▶ **Extracted information**:
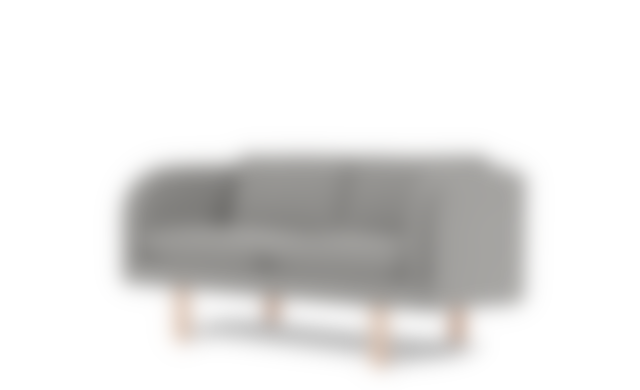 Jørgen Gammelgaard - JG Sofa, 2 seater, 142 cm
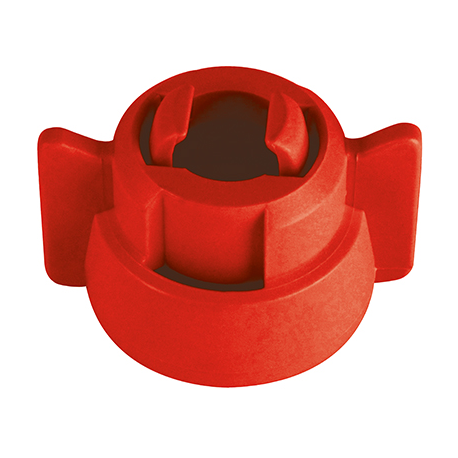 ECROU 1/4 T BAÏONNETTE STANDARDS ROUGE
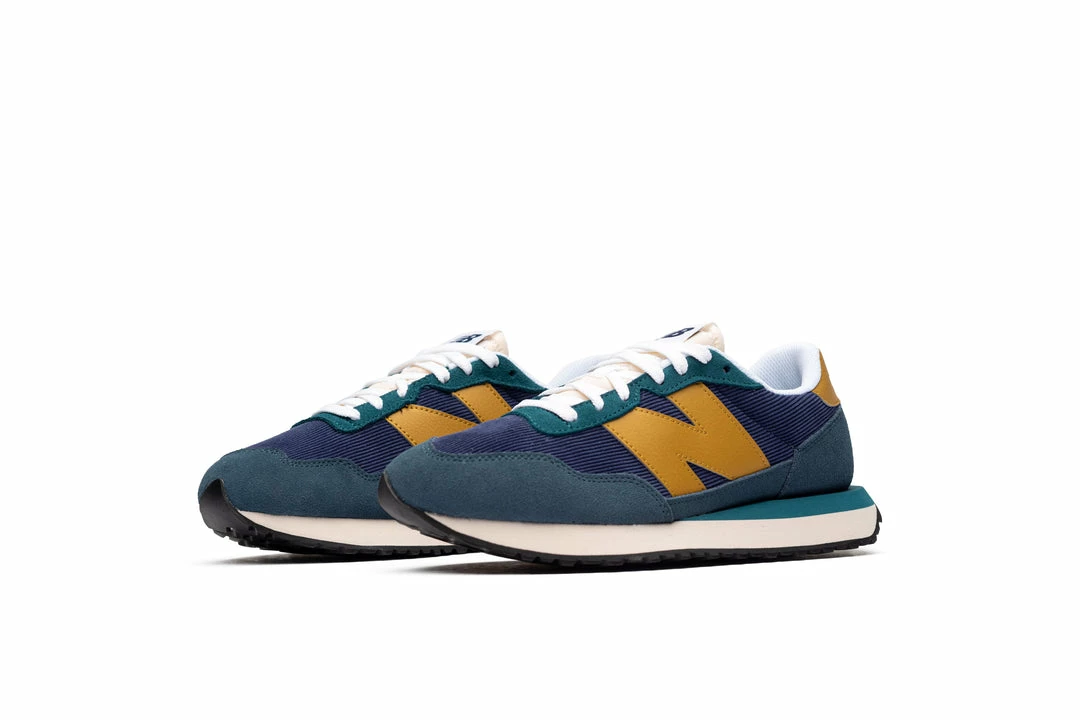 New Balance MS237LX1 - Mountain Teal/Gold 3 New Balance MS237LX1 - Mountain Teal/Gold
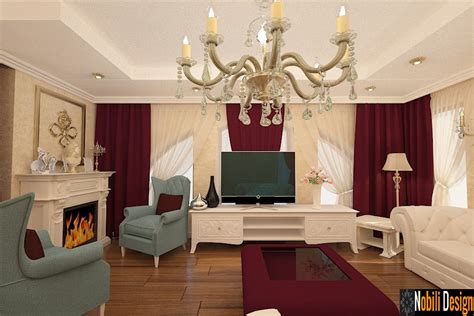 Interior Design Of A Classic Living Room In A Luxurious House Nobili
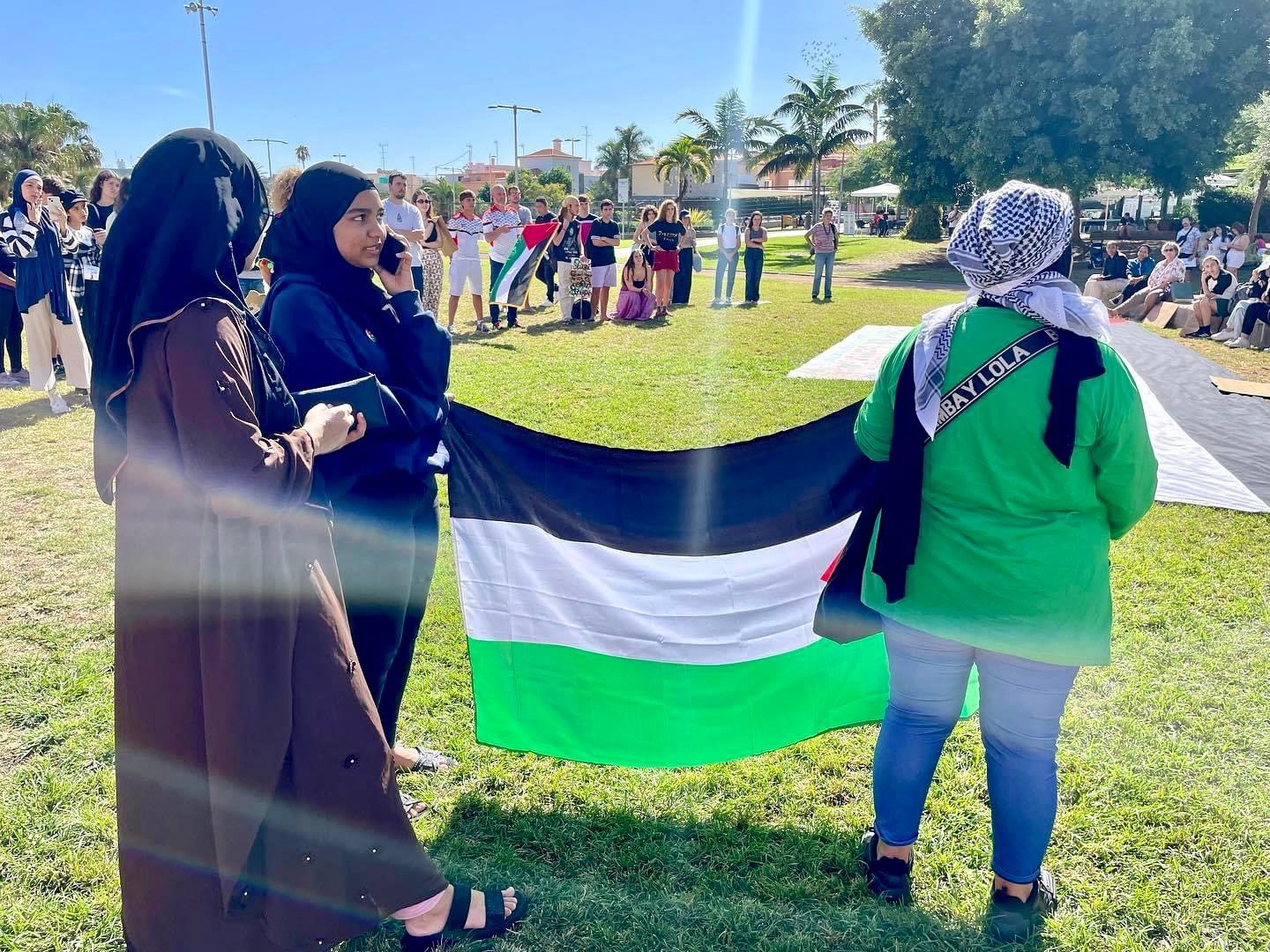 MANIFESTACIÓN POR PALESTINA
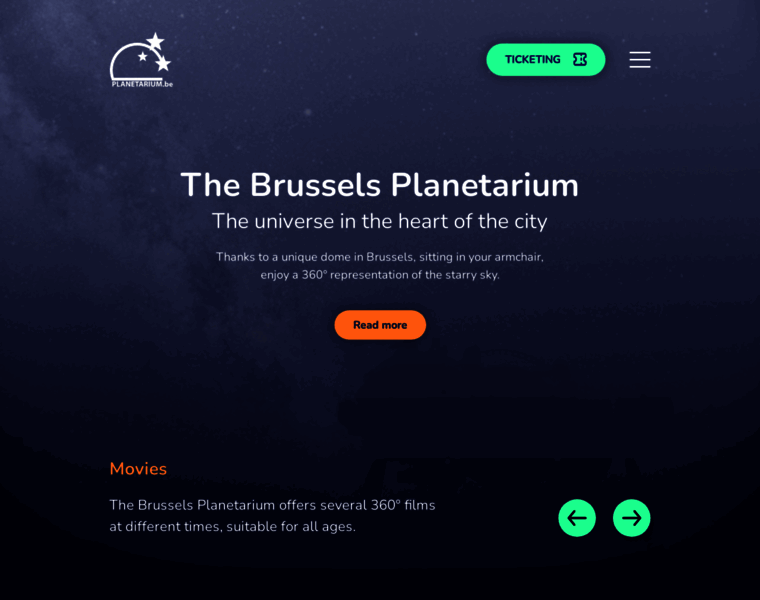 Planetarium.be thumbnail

▶ **What you should do**: Write out the records above in full and exactly, with no pictures.

▶ **Exercise response**:
 Jørgen Gammelgaard - JG Sofa, 2 seater, 142 cm
 ECROU 1/4 T BAÏONNETTE STANDARDS ROUGE
 New Balance MS237LX1 - Mountain Teal/Gold 3 New Balance MS237LX1 - Mountain Teal/Gold
 Interior Design Of A Classic Living Room In A Luxurious House Nobili
 MANIFESTACIÓN POR PALESTINA
 Planetarium.be thumbnail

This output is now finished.